There has previously been a gap between print and digital design in the ability to bring the finer nuances of typography to the web. Since the difference between acceptable and outstanding typography often rests in the final fit-and-finish design details, it can be frustrating to have an almost-perfect project limited by technical restraints of devices or browsers.
However, kerning abilities and OpenType features provide many of those advanced capabilities to typographers – think of all the optional ligatures, alternate characters, fractions, and swashes that give certain typefaces their distinct personalities.
While these features are employed easily enough in print design, implementing them on the web has proven tricky, again due to varying levels of browser support. If your aim is typographic consistency, not having all of your users experience the same presentation can become an interruption to that end. It’s getting better, but legacy browsers still at times throw wrenches into the works.
All is not lost, however. Nearly all modern browsers now support OpenType features.

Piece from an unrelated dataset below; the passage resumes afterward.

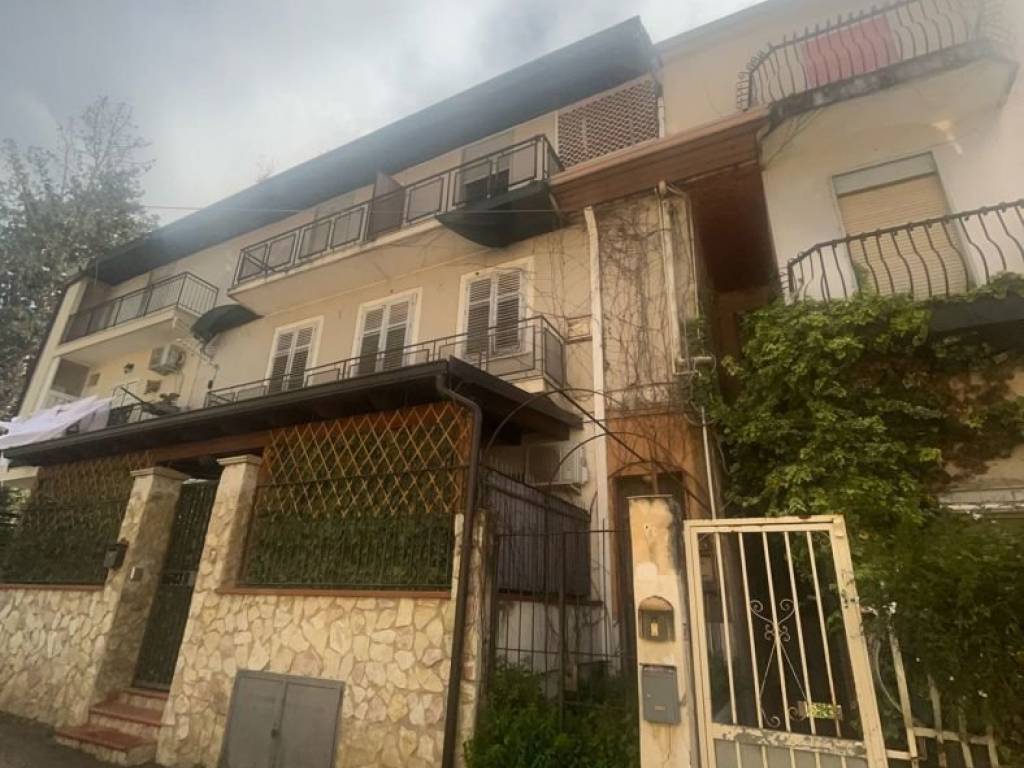 appartamento in vendita ad Altofonte in zona Piano Maglio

This inclusive approach to staying faithful to your brands will not only let your designers and clients sleep more soundly but also contribute to a more put-together, professional looking Web.

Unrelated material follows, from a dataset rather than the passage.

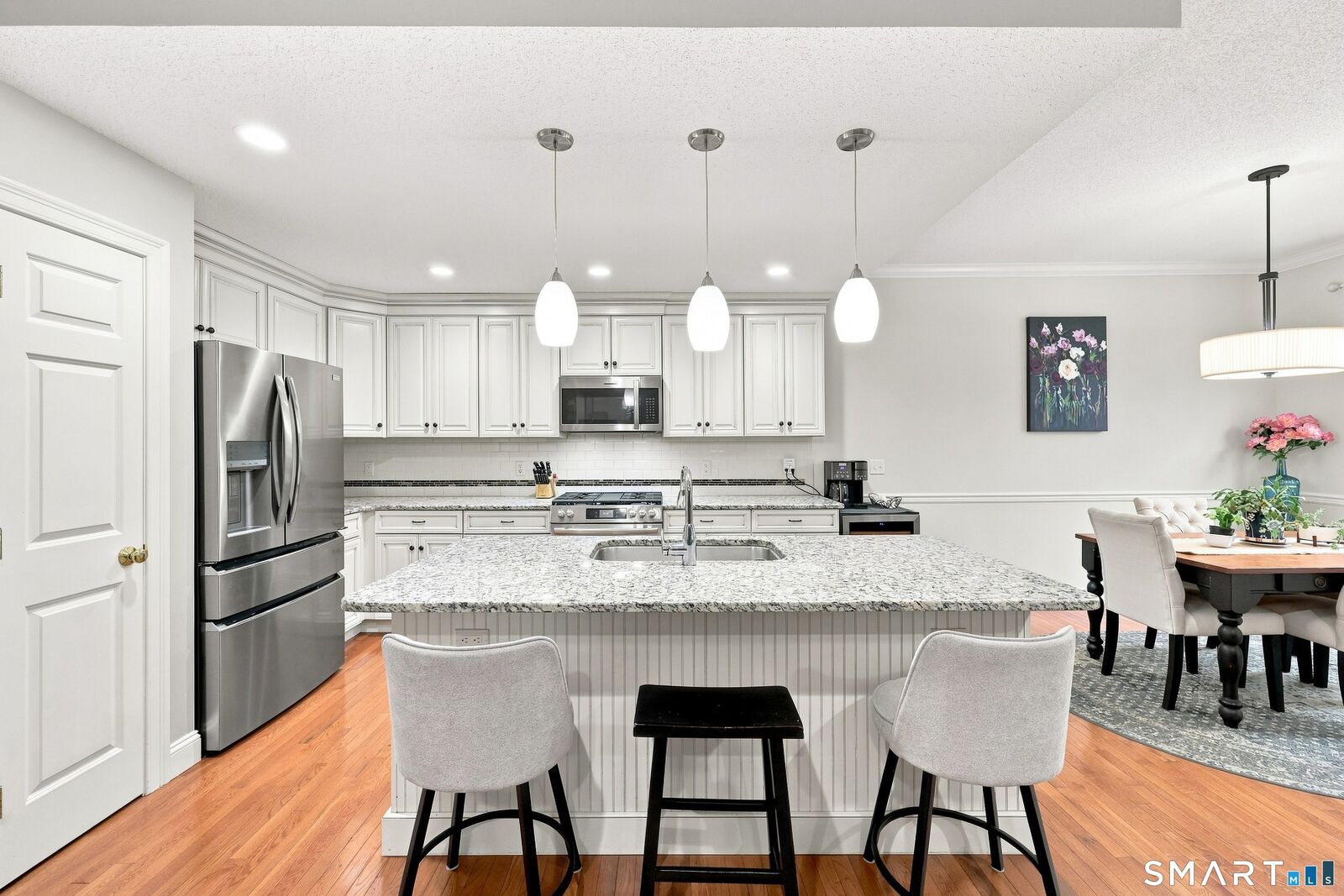 Property Photo: 46 Bridlewood Lane 46 CT 06066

04. Web fonts are getting faster
In addition to the number of sites featuring Web fonts continuing to increase, data from the HTTP Archive also shows that average font transfer sizes have increased 30-fold from 2010 levels, from around 2kb to nearly 70kb.

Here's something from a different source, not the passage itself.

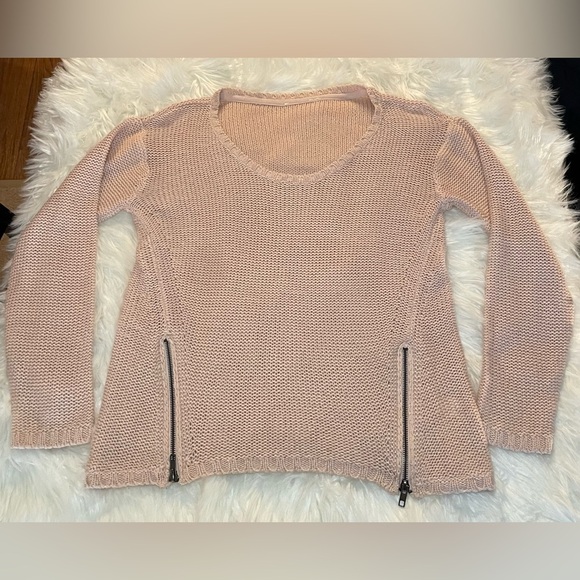 Light Pink Medium Knit Sweater with Zipper Accents on Bottom - Picture 2 of 10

Especially considering that mobile device hardware must be thoughtfully considered in addition to traditional desktops or notebooks, speed is a constant concern when employing a multitude of typefaces on your site.
One advancement is the new WOFF2 font format – which browsers and Web font providers have begun to support. This format features improved font compression, which, in turn offers smaller file sizes and quicker page load times for users.
Aside from purely aesthetic considerations, these quicker page load times can also be an impetus for designers to finally take the step to use Web fonts in their projects. The advances in compression allow you to have great custom type while lessening the impact on your site’s performance.
Some fonts – especially those for Non-Latin languages with expansive character sets – can carry prohibitively large file sizes, sometimes megabytes instead of kilobytes. Some providers, however, offer custom solutions for these situations.
For instance, dynamic subsetting is a patent-pending technology used on the Fonts.com Web Fonts service – it works by scanning a site’s content and building a font on the fly containing only the characters needed for that specific page. Especially in the case of large non-Latin character sets, this helps reduce load time and presents a more seamless user experience.
05. The web is becoming more media rich
This might be evident from even casual observation: how many sites do you now encounter that feature live, beautiful display type as a main focal element? It certainly feels like the web is becoming more typographically keen.
While text has always been an element (in the early days, the only element) of web design, nowadays it feels like type has achieved a level playing field with imagery and video content. In fact, you’ve no doubt encountered more and more instances where expressive typography drives the entire design of a web experience.